台湾の大手企業の経営者が東洋のノーベル賞を目指して設けたタン・プライズ(唐奨)の漢学賞に米国のウィリアム・セオドア・ド・バリー教授が選ばれた。タン・プライズの第ニ回受賞者は今月18日から4日間に渡って発表されている。中央研究院の院士でタン・プライズ選考委員会の総召集人、李遠哲氏は20日、タン・プライズの漢学賞受賞者を発表した。受賞したのは、ウィリアム・セオドア・ド・バリー教授だった。

李遠哲氏は、「ド・バリー教授のこれまでの著書30冊近くのうち多くは画期的な貢献と影響をもたらした。国際的な儒学の研究に大きな貢献をしている」とたたえた。

受賞者を紹介した中央研究院の王徳威・院士によると、ド・バリー教授は、儒学は現代化の障害ではなく、東アジアの文化の資本だと主張している。ド・バリー教授はまた、「中国」には西側社会の自由主義こそ欠落しているが、自由を無視しているわけでもないと見ており、特に明の時代の理学は自由志向のさまざまな価値を残し、多くの儒家と新たな儒家が「未来の声」と称して政治的パワーの乱用に対抗するきっかけになったと指摘したという。

王徳威・院士は、「過去4、50年における、『中華人民共和国』の異なるイデオロギーに基づく様々な運動と混乱に対し、ド・バリー教授は自身の儒学に対する認識を堅持してきた。
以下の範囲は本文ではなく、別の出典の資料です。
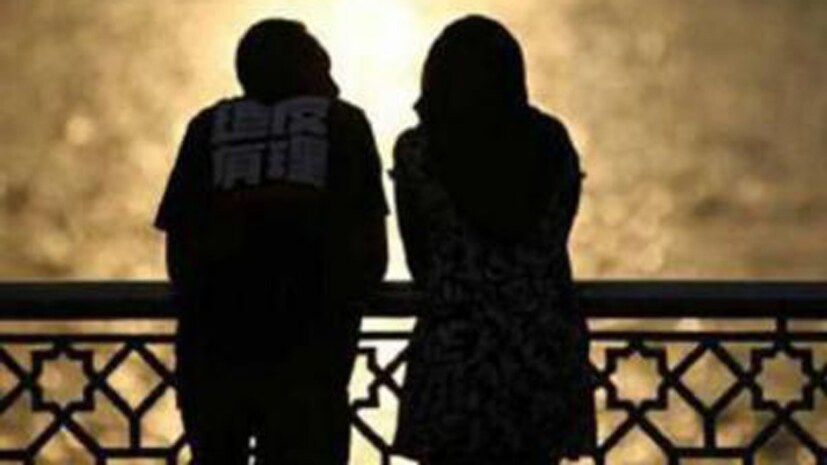 হঠাৎ কোনও কারণ ছাড়াই দেখা করা বা ফোন করা এড়িয়ে যাচ্ছেন সঙ্গী? ব্যস্ততার অজুহাত দিচ্ছেন? এমনকী আপনাদের দীর্ঘ দিন দেখা না হওয়া বা ফোনে কথা না হওয়া নিয়েও তাঁর কোনও অভিযোগ-ও নেই! এরকমটা লাগাতার হতে থাকলেআপনার সতর্ক হওয়ার সময় এসেছে।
それは1970年代と80年代に指標となる作用をもたらした」と話した。

ド・バリー教授は、西側の視点で世界の文明の方向を見たり、リードしたりすることはもはや多元的な文化主義が流行する現在にはそぐわず、異なる文化の間で対話して、合意できる点を探っていってこそ、人権と公民社会の価値を示すことができ、世界の様々な危機を解決できると考えているという。
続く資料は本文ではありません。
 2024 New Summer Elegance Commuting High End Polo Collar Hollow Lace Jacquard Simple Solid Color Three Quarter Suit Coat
タン・プライズ教育基金会主催のタンプライズは二年ごとに発表され、「永続的発展」、「バイオ医学」、「漢学」、「法治」の四つの分野の受賞者を選出している。各受賞者に台湾元5000万元(約日本円1億6000万円)の賞金が与えられる。タンプライズ教育基金会は18日から四つの分野の受賞者を発表している。21日には「法治賞」受賞者が発表される。